Weighing in at well over 30 lbs and a length of 37" I present the largest carp that I have ever caught in my life. I can't give out the specific location due to a mutual agreement with my fishing partner, but this fish was much larger than any carp we have ever seen in the portage river. 

This fish put up quite a battle. It dove under the boat a few times and I couldn't make her budge. Our landing new was extremely undersized and landing that fish by hand was no easy task. The fish was released to fight another day.


----------



## lacdown

that's a monster... what'd ya get him on?


----------



## sploosh56

sight snagging


----------



## Catman63

Nice fish! Congrats.


----------



## st.slippy

thats one big carp congrats


----------



## FISHIN216

Nice Carp! he a jumper?


----------



## sploosh56

theguy said:


> Nice Carp! he a jumper?


Nope, he was a runner. I saw a carp in the same area the other night that is bigger than the one a caught!

Carp sure are funny creatures.

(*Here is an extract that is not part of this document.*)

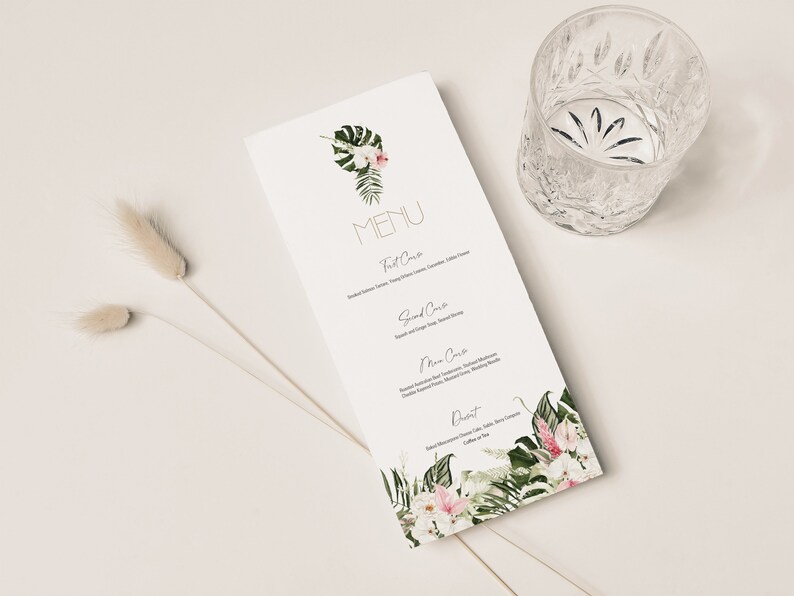 Jungle Bridal, Watercolor clipart, Watercolor flower, Summer clipart, Monstera Clipart, Summer Wedding, Tropical Clipart, Pampass Clipart image 7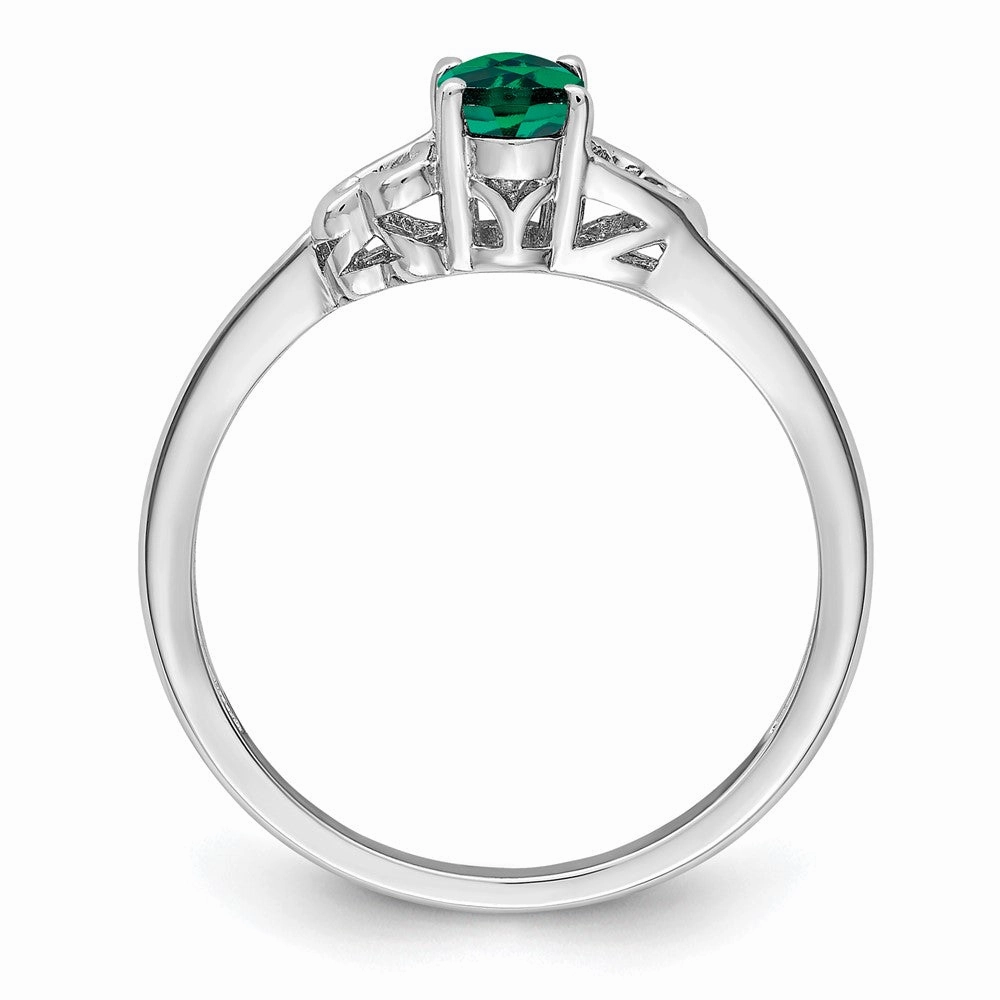 Sterling Silver Rhodium-plated Created Emerald Ring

I always see them poking their heads above water around the boat. It's almost as if they are checking to see if the coast is clear again.


----------



## Hummel

nice. biggest carp i ever caught was in lake cumberland. on light tackle theyre mad fun.


----------



## crappielooker

niiice fish..


----------



## Magic8Ball

sploosh56 said:


> sight snagging



What is sight snagging and how is it done ?


----------



## sploosh56

Find an area where the carp congregate in clear water. Then it's as simple as just snagging them since usually they are not biting. You will need a boat with a quiet electric motor. You can do this from shore as well, but you must be pretty stealthy since they can "feel" you walking. 

For snagging hooks I buy the largest size treble hooks that I can find. I've been snagging them all week out on the river since nothing else seems to be biting. I had a huge dogfish on the other day that looked to be over 30". You will see many different fish when the water is clear. I've seen giant bullheads, sunfish, perch, catfish, bass, gar, dogfish, and pretty much anything else that swims. Get yourself a pair of polarized sunglasses from walmart for like $10. I have the Renagade brand.



Magic8Ball said:


> What is sight snagging and how is it done ?


----------



## Magic8Ball

sploosh56 said:


> Find an area where the carp congregate in clear water. Then it's as simple as just snagging them since usually they are not biting. You will need a boat with a quiet electric motor. You can do this from shore as well, but you must be pretty stealthy since they can "feel" you walking.
> 
> For snagging hooks I buy the largest size treble hooks that I can find. I've been snagging them all week out on the river since nothing else seems to be biting. I had a huge dogfish on the other day that looked to be over 30". You will see many different fish when the water is clear. I've seen giant bullheads, sunfish, perch, catfish, bass, gar, dogfish, and pretty much anything else that swims. Get yourself a pair of polarized sunglasses from walmart for like $10. I have the Renagade brand.



Thanks for the explanation.
How do you hook them though? if you see them do you throw over top of them and then reel in and jerk it when you get close? what keeps them from swimming off?
I have seen them quite a few times out of the boat, they are just swimming on top with their lips out of the water, I have got as close as 10 feet from them before the submerge.


----------



## sploosh56

If you enter an area quietly the carp will usually not mind having hooks tossed around them, but after you hook a few they will catch on. If the carp is laying motionless in the water cast about 15-20 feet beyond them over their heads with a large, single treble hook . You should be able to cast this easily, I have a 7' medium action bass pro bionic blade with 15 lb trilene big game. As soon as you cast over their heads begin to reel fast making sure not to hit any other carp or snag into anything. When the hook is inches away from their lips let the hook sink for a second then set the hook with a fast, hard hook set. You want to keep your rod parallel to the water or aim down at the water when you sweep the rod to the side to set the hook. If you hook them anywhere else in the body you'll have a hell of a time getting them in so always aim for the head. 



Magic8Ball said:


> Thanks for the explanation.
> How do you hook them though? if you see them do you throw over top of them and then reel in and jerk it when you get close? what keeps them from swimming off?
> I have seen them quite a few times out of the boat, they are just swimming on top with their lips out of the water, I have got as close as 10 feet from them before the submerge.


----------



## Magic8Ball

Thank You Sploosh 
it seems that in our area the Carp have went deep because we haven't seen a single carp in the last 3 trips out


----------